Have a look at the post above mine.
@daniel0366 recommended Radxa ROCK,Banana Pi and Orange Pi,and I’d like to add Pine64 devices.
I had a look at all four,most of their devices seem to use Rockchip and a few Allwinner.
I’m not an expert for ARM,but as far as I know Rockchip is rather open and good to support,having read some blog posts at Pine64 about their Rockchip-based devices in the past.
Pine64 also wrote about community efforts to mainline the Rockchip stuff if I remember right,but that doesn’t matter at all here,Haiku isn’t Linux.
What matters is that the hardware is well documented which seems to be the case for Rockchip from what I’ve read so far (again,I’m no expert and I’m happy with x86_64)

I had a look at Pine64. They also manufacture laptop Pinebook and tablet Pinetab. Working on Pine64, starting from rock64 would be a good entry to varieties of ARM devices.

Linux mainline does matter to the extent that it serves as proof that something actually is open enough to be supported and has a presumably well written open source implementation already available to study.

I did specifically look at the ones listed in the above post. Most or all of them had one or more of the issues I mentioned.

I have a Pinebook Pro. It was OK for someone who needs ARM, very inexpensive. Dead now - opened up the case one too many times. At present I doubt they’re on the market - where I looked, out of stock for a really long time.

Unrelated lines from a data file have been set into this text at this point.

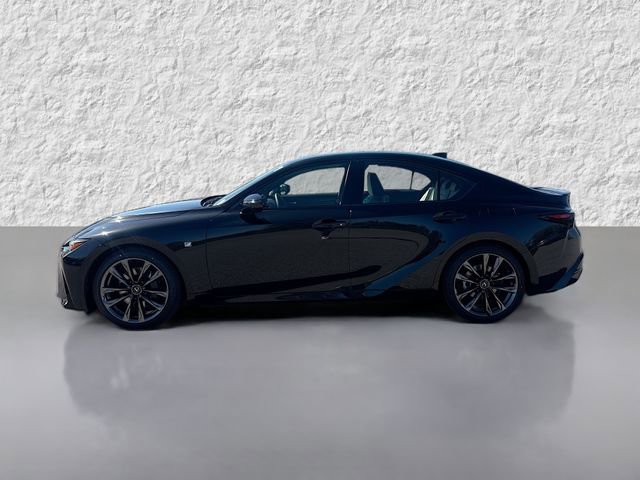 Used 2025 Lexus IS 350 F Sport image 6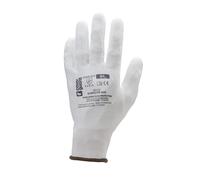 Gant EUROLITE 6020 Jauge 13 blanc - COVERGUARD - MO6020 T10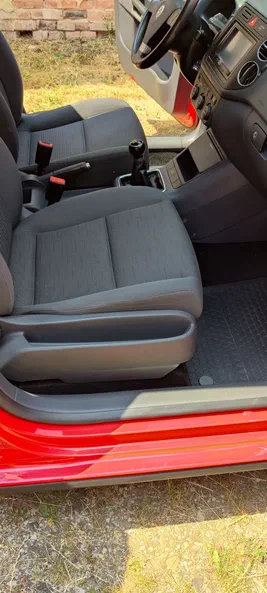 Volkswagen Golf Plus 2008 - 5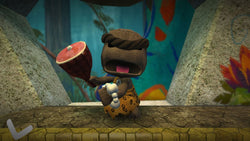 Sackboy's Prehistoric Moves - PS3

If Pine64 were really into providing a platform, I think they could have gotten there pretty easy, but the way it was, if you wanted to branch out from the OS they shipped on it (Manjaro Linux), it could get kind of hairy. There were ways to get a boot menu, but it involved flashing some 3rd party stuff, of which there were various alternatives, because Pine64 apparently had no in house expertise or interest in that level of putting together a platform.

So … if the Pinebook were still on the market, maybe it could provide some Haiku developer with a usable ARM platform. It wouldn’t ever have anything to do with the subject of this thread, though.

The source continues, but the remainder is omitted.